Uses --checkpoint directory to maintain offsets & exactly-once semantics.
PostgreSQL Tables (typical)
The script can create or upsert into these; adapt to your naming if needed.
-- Minute window pickups per zone CREATE TABLE IF NOT EXISTS kpis_rides_minute ( window_start TIMESTAMP NOT NULL, window_end TIMESTAMP NOT NULL, pu_location_id INT NOT NULL, trip_count BIGINT NOT NULL, PRIMARY KEY (window_start, window_end, pu_location_id) );
-- Optional citywide rollup CREATE TABLE IF NOT EXISTS kpi_citywide ( window_start TIMESTAMP NOT NULL, window_end TIMESTAMP NOT NULL, trips BIGINT NOT NULL, avg_trip_distance DOUBLE PRECISION, total_revenue DOUBLE PRECISION, PRIMARY KEY (window_start, window_end) );
-- Optional zone lookup (seeded from taxi-zone-lookup.csv) CREATE TABLE IF NOT EXISTS tlc_zones ( location_id INT PRIMARY KEY, borough TEXT, zone TEXT, service_zone TEXT );
Sample Queries (Grafana panels)
Minute volume by zone
SELECT window_start AS time, pu_location_id, trip_count FROM kpis_rides_minute ORDER BY time ASC;
Latest Top-N zones (if you materialize a top table/view)
WITH lastw AS ( SELECT MAX(window_start) AS ws FROM kpis_rides_minute ) SELECT z.zone, km.trip_count FROM kpis_rides_minute km JOIN lastw ON km.window_start = lastw.ws JOIN tlc_zones z ON z.location_id = km.pu_location_id ORDER BY km.trip_count DESC LIMIT 10;
Operational Commands
docker compose up -d --build
docker compose logs -f
docker compose logs -f producer docker compose logs -f spark docker compose logs -f kafka docker compose logs -f postgres
docker compose exec spark bash
docker compose down
docker compose down -v
Common Pitfalls
Producer/Spark can’t reach Kafka Ensure KAFKA_ADVERTISED_LISTENERS=PLAINTEXT://kafka:9092 in compose (already set).

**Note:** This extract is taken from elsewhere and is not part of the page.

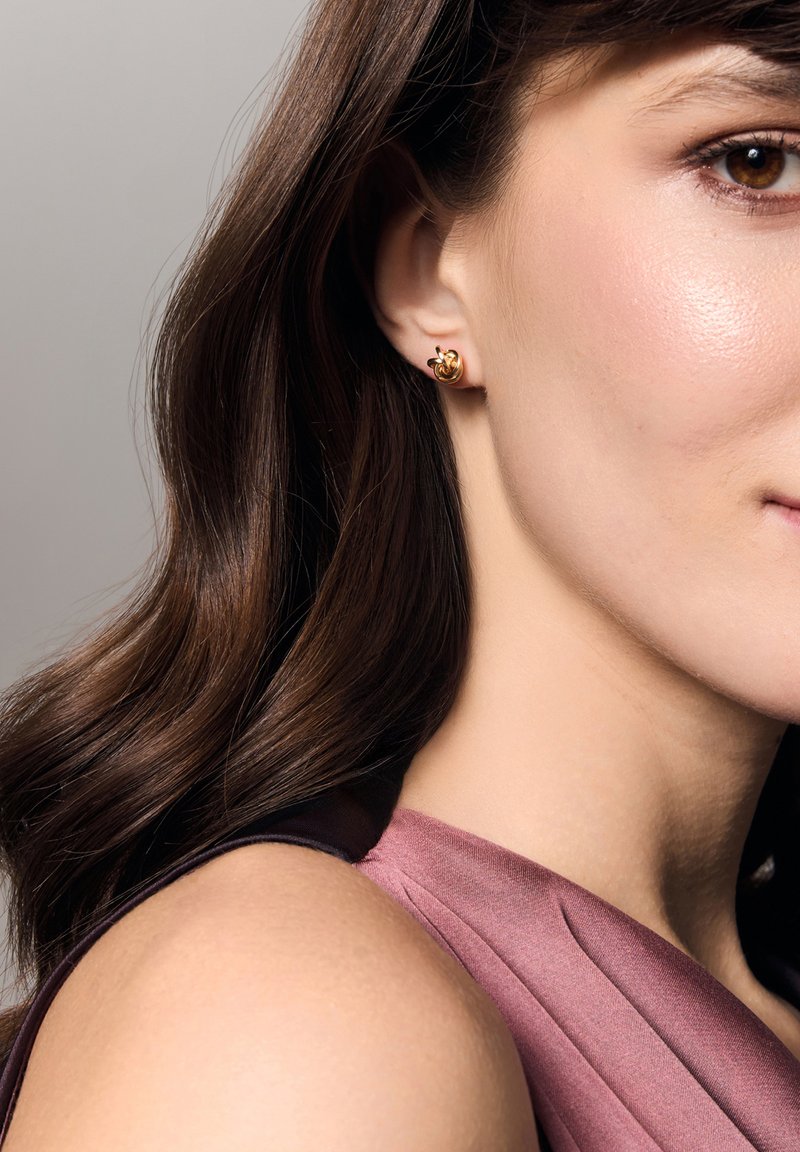 Złote kolczyki wkrętki zaprojektowane w wirującym wzorze, z gładkimi, błyszczącymi powierzchniami. Modelka ma na sobie głęboki fioletowy top bez rękawów.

Spark Kafka package mismatch Use org.apache.spark:spark-sql-kafka-0-10_2.12:3.5.1 if you customize spark-submit.
Timezone differences Prefer UTC in Spark (spark.sql.session.timeZone=UTC) and Grafana.
Extending
Add KPIs: tip rate, dropoff KPIs, hourly windows, percentile trip distances.
Enrich with weather/events; create correlation panels in Grafana.
Swap Postgres for ClickHouse/BigQuery for larger datasets.
Use batch/batch_etl.py to backfill historical windows into the same tables.